«Как странно и нелогично, что все люди по-разному устроены. Ждешь от человека определенной реакции на событие, такой же, как у самой себя, а он – ррраз! И реагирует по-другому. Или хочет чего-то другого, непонятного. И ему не нравится что-то хорошее, а кажется прекрасным то, на что я и не посмотрела бы.
Мы все такие разные, что даже странно говорить о нас «мы». Как разные виды животных – бабочки, слоны, кенгуру и домашние собаки. Только бабочки и слоны не могут полюбить друг друга, а мы – обречены. С другой стороны, что я знаю про бабочек и слонов? Что человек может о них знать? Мы даже не понимаем их язык. Да что их язык, мы ведь часто не знаем языки друг друга».
«М. нарисовал мне мультик на страницах блокнота. Оказывается, это очень просто – рисуешь человечка на одной странице, потом на каждой последующей его немножко меняешь, по миллиметру. Если быстро пролистать блокнот, получится эффект мультика. М. говорит, я должна попробовать, раз уж я рисую. Я никогда не смогу ему объяснить, что главная моя проблема – пустой блокнот…».
«Русской нации, безусловно, нет как национальности, зато есть общий язык, культурные ценности, есть масса людей, для которых дом – это то место, где говорят по-русски, где все смотрели в детстве «Ну, погоди!», а те, кто смотрел «Телепузиков» – уже чужие».

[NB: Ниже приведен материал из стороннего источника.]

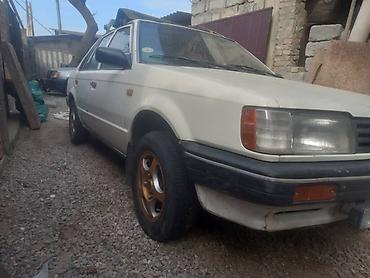 Продажа авто: Mazda 626: 1986 г., 1.6 л, Механика, Бензин, Седан — 2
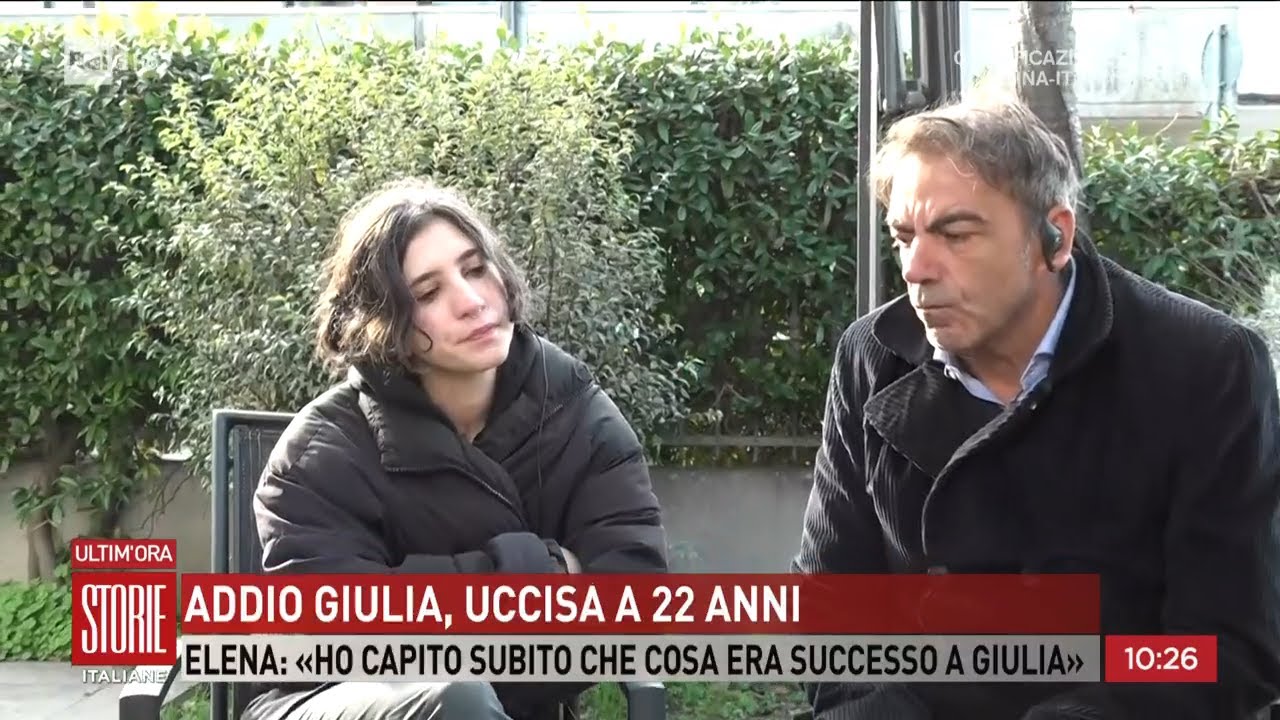 Cento volte Giulia - Storie Italiane 20/11/2023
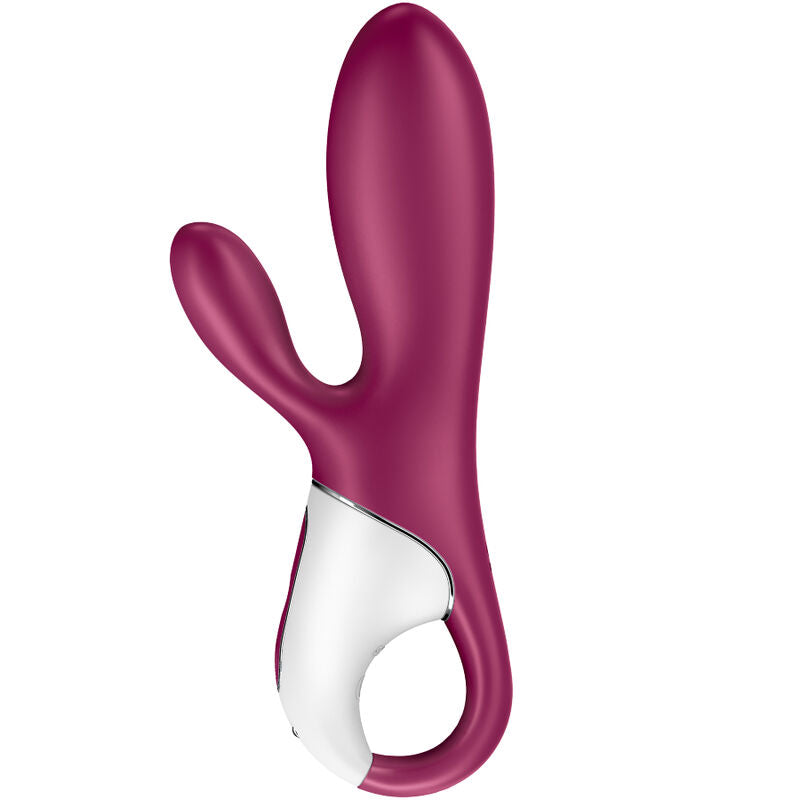 Vibratore Rabbit Riscaldante Satisfyer Hot Bunny — Punto G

«Я иногда думаю – что же в нем такое трогательное, что не дает мне оторвать взгляд? Кажется, он не относится к себе слишком серьезно, зато серьезно относится ко всем окружающим. Разве кто-то может этого заслуживать? Сонька говорит, за это не любят. За что я еще могу его любить? За ямочку на подбородке. За его старомодную стеснительность. За его смех. Мы с ним часто смеемся, как говорят «до упаду», у нас схожее чувство юмора – с оттенком мрачной самоиронии. Это защитная реакция на все. Единственное, что нам обоим помогает выжить, и главное, что нас сблизило. У него честный смех – это очень важно, когда человек не смеется в угоду кому-то. Это самый главный вид искренности».
О нем читать было больнее всего. Но становилось многое понятно, а понять ее Георгию было важно. Он не удивлялся ее перевоплощению – он и полюбил Катю такой, такой она была при первой их встрече – спокойной, ироничной, немножко печальной. Но уже тогда в ее жизни появился этот Митя.
«Как там Соня сказала… А, если яблоко начало гнить изнутри, то снаружи запах почувствуется не сразу»…
Иногда Катя рисовала забавные почеркушки на полях, в этом сквозило что-то пушкинское. Случались и знакомые профили – Сонин, чаще Митин. И только о нем, о Георгии не было ни слова, ни запятой. И в этом было больше горькой правды, чем во всех словах на свете.
В аэропорту Бен-Гуриона поздним вечером их встречал водитель Георгия.
Соня знала его в лицо, подошла, улыбаясь, спросила, могут ли они сразу ехать в клинику в Иерусалим. До Тель-Авива было гораздо ближе, Митя сам накануне забронировал им номер в одном из многочисленных отелей на самом берегу моря.